Illustration of the plaintext, key, and ciphertext

Choosing an Encryption Algorithm

First Alice and Bob must choose a specific encryption algorithm to use. The crypto module's getCiphers function returns a list of the names of the supported cryptographic algorithms that are supported on your machine.

Sample of the output of calling `getCiphers`

In this example Alice and Bob will choose to use the aes-256-cbc cipher. Let's break down what we can learn about this particular algorithm from its name:

  1. aes: The "Advanced Encryption Standard." As the name suggests this is a widely used encryption standard.
  2. 256 This refers to the size of the key that will be used. In this case a 256 bits key. Generally speaking the longer the key is the more you'll be protected from brute-force attacks (where an attacker loops through all possible keys).
  3. cbc This stands for "Cipher Block Chaining" which is a mode of encryption that works by splitting the plaintext into fixed-size "blocks". One of the things that makes this method secure is that it uses an Initialization Vector which we'll cover next.
Breakdown of the name `aes-256-cbc`

Using an Initialization Vector

In classic encryption algorithms passing the same plaintext and key always yields the same ciphertext. This repetition is a potential exploit for attackers like Eve. To avoid this we add a random value called the Initialization Vector (IV) as an input to the encryption we'll use. Because this value will be different every time, the ciphertext will be different every time.

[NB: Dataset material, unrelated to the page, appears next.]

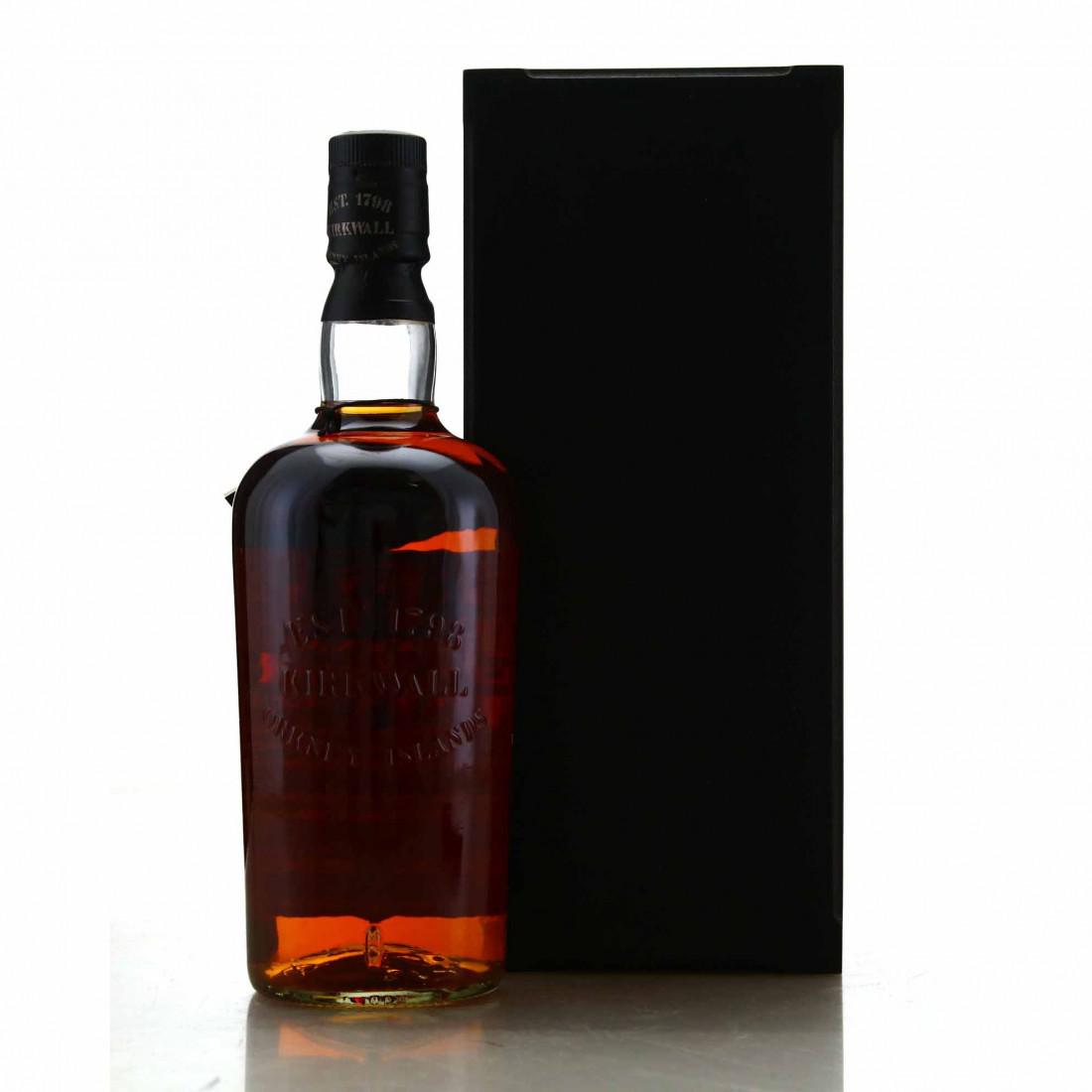Highland Park 1975 Single Cask 32 Year Old #6596 / World Duty Free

The Encryption and Decryption Process

Let's take a look at the encryption and decryption process:

  1. To encrypt Alice invokes the selected encryption algorithm with:
    1. The desired message (the plaintext)
    2. A generated random value as the IV
    3. The shared key (we'll discuss what value is used as the key and how it's shared later on)
  2. Alice transmits the ciphertext (the output of the encryption algorithm), the IV, and the chosen algorithm to Bob over the public channel. Even if Eve manages to get a hold on this data, she can't reverse the encryption since she doesn't have the key.
  3. Bob performs the decryption using the ciphertext, the IV, and his copy of the shared key (and Eve's snooping attempts are thwarted! 💪)

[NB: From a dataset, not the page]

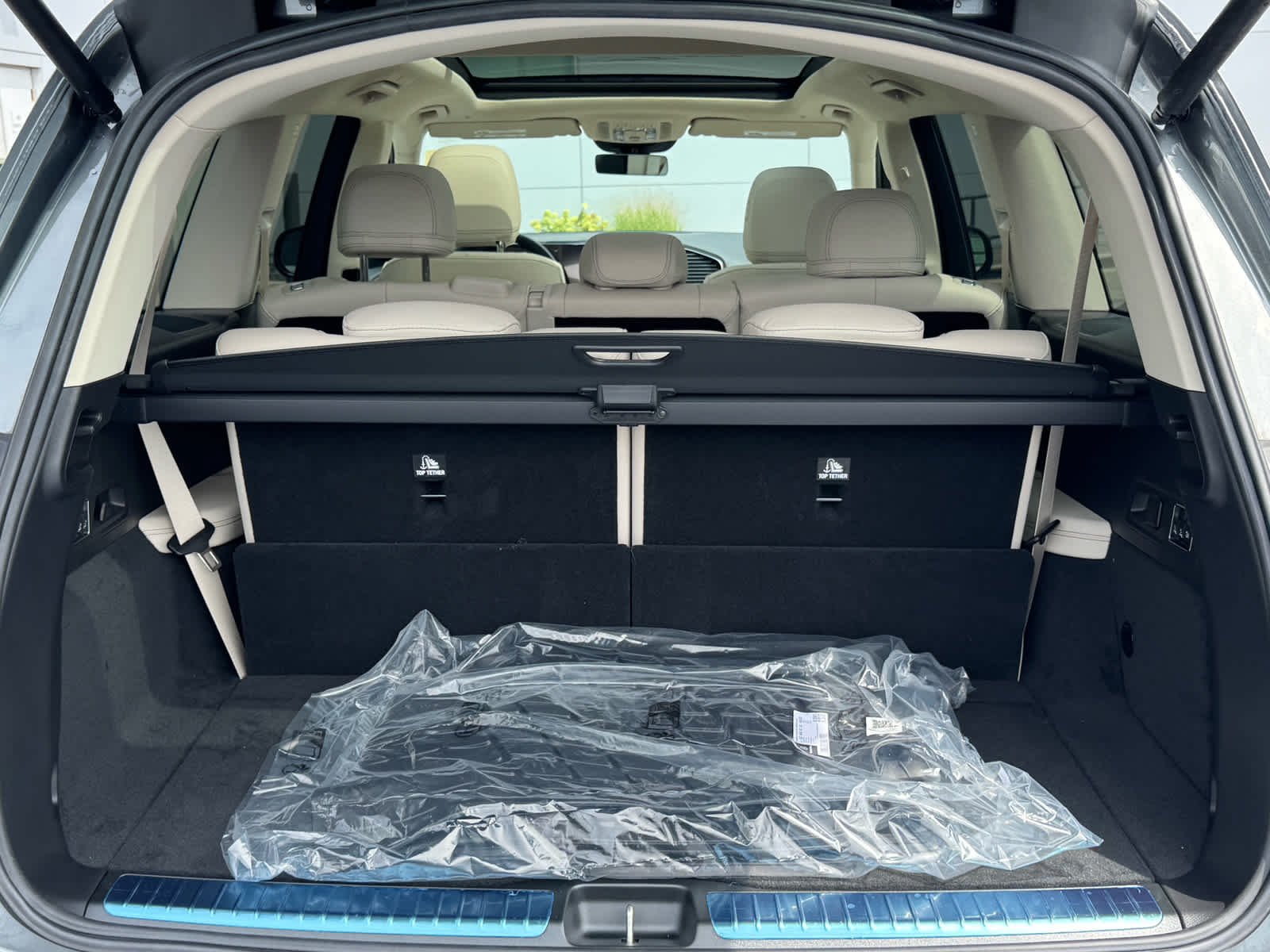 New 2026 Selenite Grey Metallic Mercedes-Benz GLS 450 image 10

Use this slide component to see this process visualized:

Alice performs the encryption
Eve can intercept the ciphertext
Bob performs the decryption

Encryption \ Decryption with the crypto module

Let's take a look at Alice's Encryption code:

import crypto from "crypto";
import util from "util";
const randomBytes = util.promisify(crypto.randomBytes);

const algorithm = "aes-256-cbc";

// We always use Buffers with the crypto module
const plaintext = Buffer.from("yonatan.dev", "utf8");

// randomBytes let's us generate random data,
// but needs to be promisified
const iv = await randomBytes(16);

const key = loadKey();

const cipher = crypto.createCipheriv(algorithm, key, iv);

const ciphertext = Buffer.concat([
  // We have the option of composing the ciphertext in steps,
  // by calling update() several times
  cipher.update(plaintext),
  cipher.final(),
]);

And here's Bob's decryption code (notice how similar it is to Alice's encryption code):

import crypto from "crypto";

function receive(iv, ciphertext, algorithm) {
  const key = loadKey();

  const decipher = crypto.createDecipheriv(algorithm, key, iv);

  const plaintext = Buffer.concat([
    decipher.update(ciphertext),
    decipher.final(),
  ]);

  console.log(plaintext.toString("utf8"));
  // yonatan.dev
}

Key Derivation Functions 🔑

So far we've established that the confidentiality of the correspondence relies on the secrecy of the shared key. However, we've left the process somewhat vague regarding how to determine the value of the key. Alice and Bob might be tempted to use a human-memorable password they both can agree on and remember as their key, but this would ultimately give Eve an advantage. Let's understand why.

Low Entropy

The longer the key, the more challenging it becomes for an attacker to loop through and attempt all potential keys. However, when we confine ourselves to keys that are human-readable or memorable, we reduce the number of keys for the attacker to try. Keys derived from common words or easily guessable phrases are referred to as having low entropy. This low entropy means they contain less randomness, making them more vulnerable to brute force attacks.

Illustration of using the password as the key
Using a human-memorable password as a key

Slow by design?

If we still want to use a human-memorable password as the basis of our security, we can derive a stronger key from a human's original password using a Key Derivation Function (KDF). KDFs are similar to hashing functions in that they are deterministic (given the same input they will always return the same output). But unlike normal hashing functions, KDFs are purposefully made to be slow! They are designed to be compute and memory intensive so that it will be ineffective for attackers like Eve to try to loop through potential passwords if they have to trigger the KDF on every iteration.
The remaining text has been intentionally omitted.